# Brief
Exactly reproduce the lines from the one containing "New- Color Burgundy Heels 👠" through the last line of the data, both ends included, leaving out pictures.

=== Section Start ===

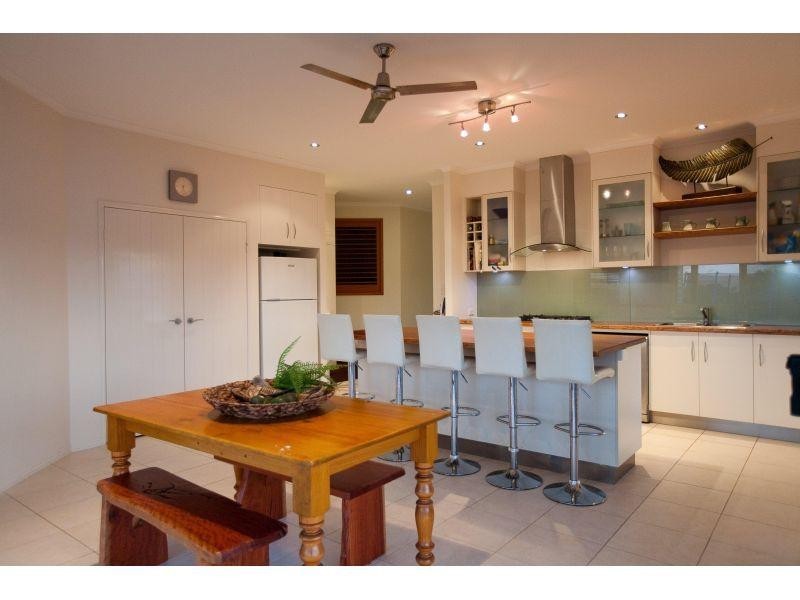 48 Directors Ct, Jones Hill QLD 4570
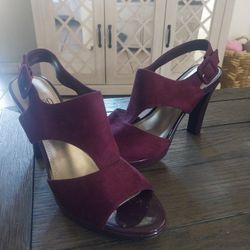 New- Color Burgundy Heels 👠 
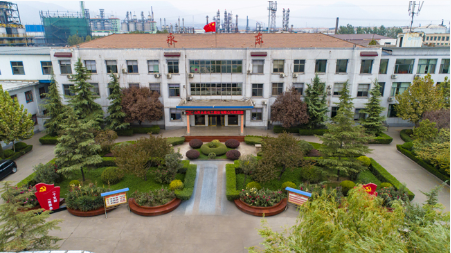 山西永東化工股份有限公司發(fā)布了2023年上半年度報告。報告顯示，今年上半年，永東股份實現(xiàn)營業(yè)收入21.92億元，同比增長9.15%;歸屬于上市公司股東凈虧損433.19萬元，同比由盈轉(zhuǎn)虧;歸屬于上市公司股東的扣除非經(jīng)常性損益凈虧損488.23萬元，同比由盈轉(zhuǎn)虧;基本每股虧損0.0115元/股。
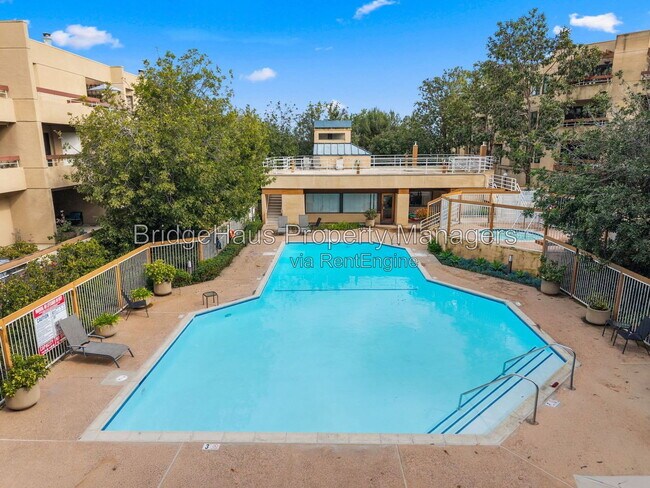 Building Photo - 7225 Navajo Rd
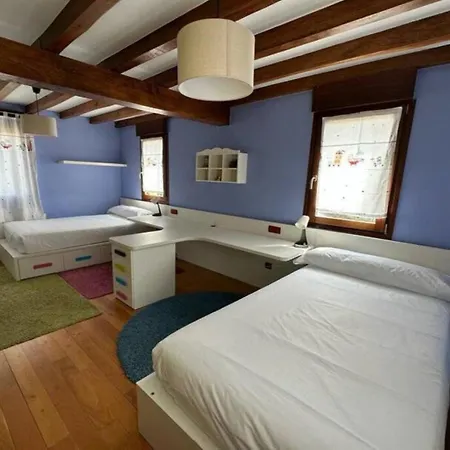 Casa Con Jacuzzi Mompia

=== Section End ===

# Task output
 New- Color Burgundy Heels 👠 
 山西永東化工股份有限公司發(fā)布了2023年上半年度報告。報告顯示，今年上半年，永東股份實現(xiàn)營業(yè)收入21.92億元，同比增長9.15%;歸屬于上市公司股東凈虧損433.19萬元，同比由盈轉(zhuǎn)虧;歸屬于上市公司股東的扣除非經(jīng)常性損益凈虧損488.23萬元，同比由盈轉(zhuǎn)虧;基本每股虧損0.0115元/股。
 Building Photo - 7225 Navajo Rd
 Casa Con Jacuzzi Mompia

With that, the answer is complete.